Il Brasile ha perso la pace interna dopo che i brasiliani hanno ottenuto la crescita economica prodigiosa, il rapido assorbimento delle vaste aree di povertà, una crescita demografica importante che ormai l’annovera tra i paesi occidentali più popolosi. I “Carioca” sono diventati anche una potenza riconosciuta e rispettata nel mondo, presente in ogni summit di grande rilevanza economica e politica. Da almeno 20 anni, ha assunto sembianze sempre più distanti da alcuni paesi sudamericani afflitti da inflazione esorbitante, da accentuate instabilità economica e politica. Sicuramente le passate presidenze del presidente rieletto Lula, hanno sensibilmente contribuito a cogliere traguardi ambiziosi del passato. Ma i guai della corruzione nella holding di Stato Petrobas su cui il giudice di Curitiba Sergio Moro aprì una vasta indagine, tirando in ballo lo stesso Presidente con forzature non legali, ha aperto una fase negativa al punto che dopo un periodo di carcerazione di Lula è seguito una tormentata fase di riabilitazione.

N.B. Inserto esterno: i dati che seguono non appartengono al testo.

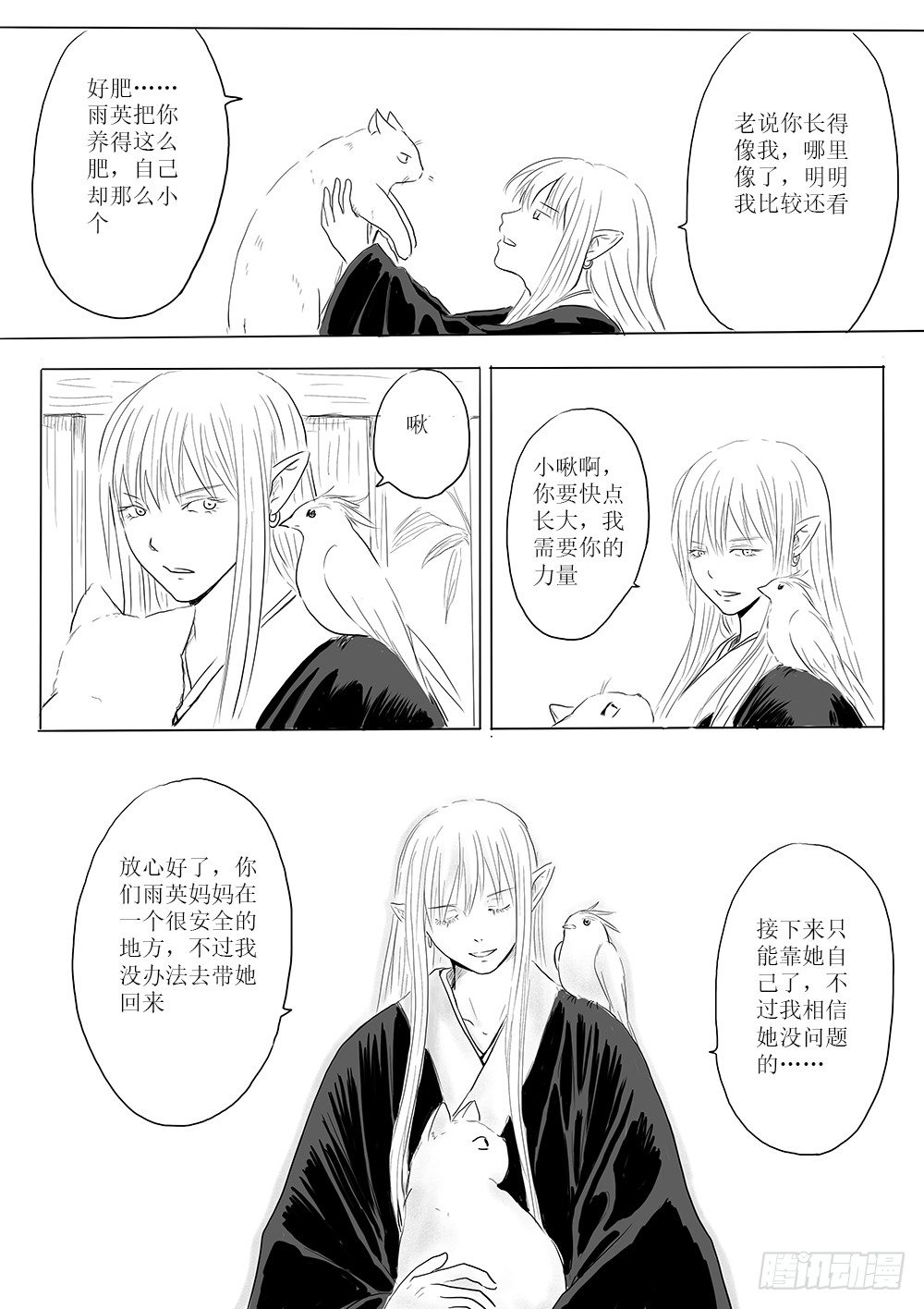 愿平安11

Ma intanto Jair Bolsonaro, avendo messo fuorigioco il suo più temibile concorrente più forte di lui nei sondaggi, venne eletto per un mandato, ma non nella ricandidatura di mesi fa che ha riconsegnato la leadership al vecchio Presidente. La presidenza di Bolsonaro, ex militare di estrema destra, è stata condotta con accentuazioni fortemente divisive, ed anche macchiate da sospetti fondati di aver “aiutato” il Giudice Moro nella discutibile inchiesta “Lava jato”. Infatti, vinte le elezioni, lo nominò ministro della giustizia appalesando una discutibile provocazione.

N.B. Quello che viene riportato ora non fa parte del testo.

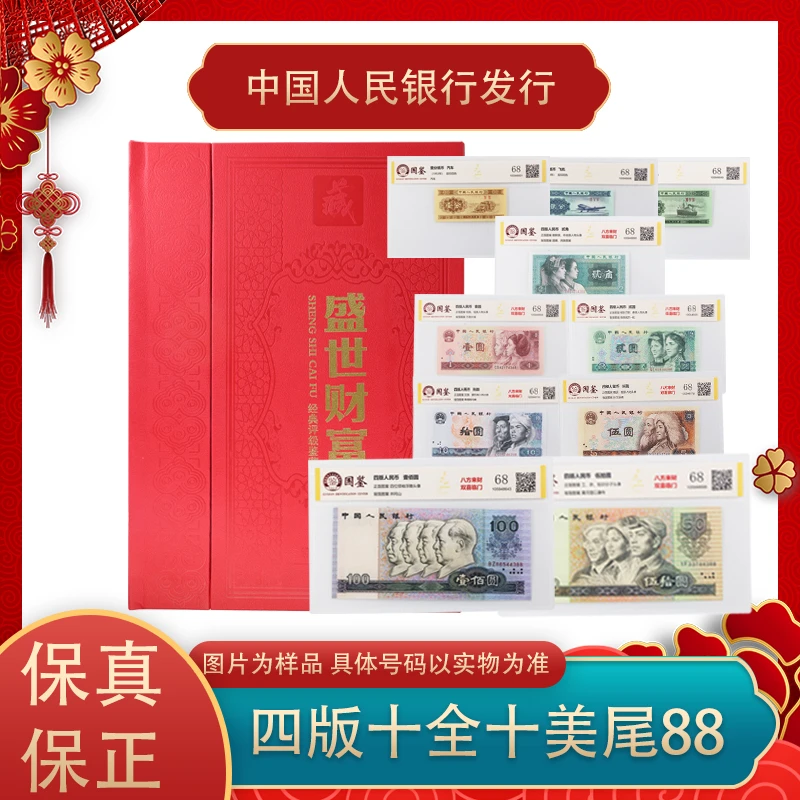 第四套人民币 双喜号套装 尾四同   银行正品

Insomma l’assalto dei fans di Bolsonaro ai danni di importanti istituzioni avvenute nella giornata dell’8 gennaio, sono il frutto velenoso del clima d’odio alimentato, rinfocolati dalla recente campagna elettorale presidenziale, ha spaccato in due il paese. Le accuse della destra fanno leva sulla presunta moralità e sullo sperpero di risorse pubbliche assorbite dalla “bolsa familia”, una sorta di reddito di cittadinanza italiana, mentre i sostenitori del Presidente in carica accusano la destra di fomentare odio e di mirare al colpo di stato con l’ausilio dei ceti più ricchi. In questo contesto ma anche influenzato dal palese Trumpismo di Bolsonaro e bolsonaristi, si è assestato un colpo grave alla Democrazia brasiliana, con gli stessi modi utilizzati 2 anni fa dai sostenitori di Trump nell’assalto al Capitol Hill a ridosso della contestata elezione di Jo Biden.

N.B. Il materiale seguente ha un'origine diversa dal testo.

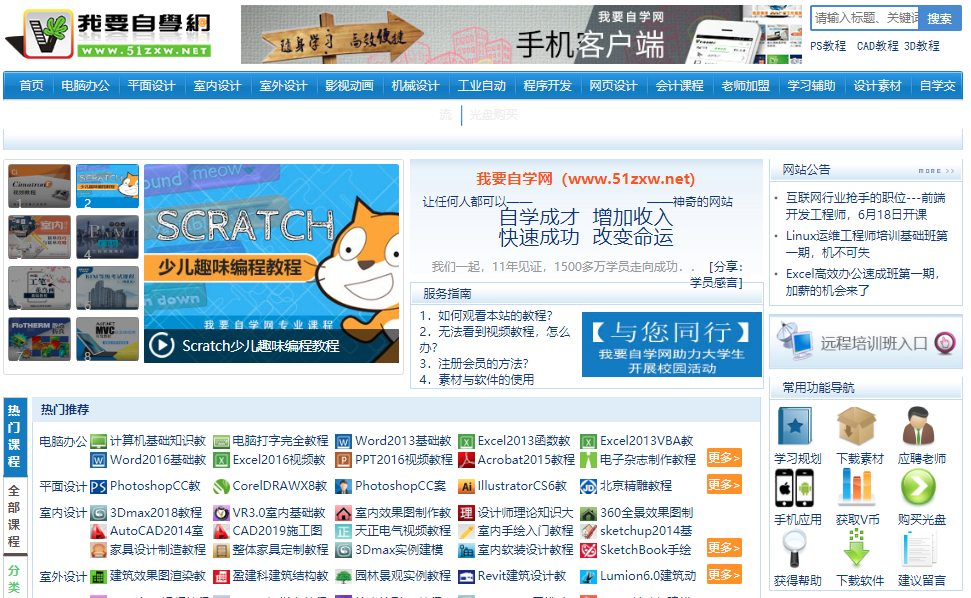5个精心整理的自学网站，送给正在努力变得更好的你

Credo che i democratici di quei paesi e di ogni parte del mondo debbano considerare con rinnovata attenzione questi inquietanti segni di decadimento nella situazione inedita che stiamo vivendo: la crescente disuguaglianza nei paesi democratici a causa della crescita abnorme di guadagni non redistribuiti e dei poteri delle big tech; la scarsa attitudine al buon funzionamento delle garanzie democratiche e delle istituzioni. Su questi aspetti è necessario saper riprogettare la Democrazia alla luce degli enormi cambiamenti di potere su scala mondiale e dei cambiamenti culturali e tecnologici. Ed infatti i vuoti vistosamente presenti, ci espongono alle offensive e alle infiltrazioni degli stessi paesi retti da autocrazie. Prima il segnale negli USA, ora in Brasile devono metterci in allerta e dirigerci speditamente verso il cambiamento.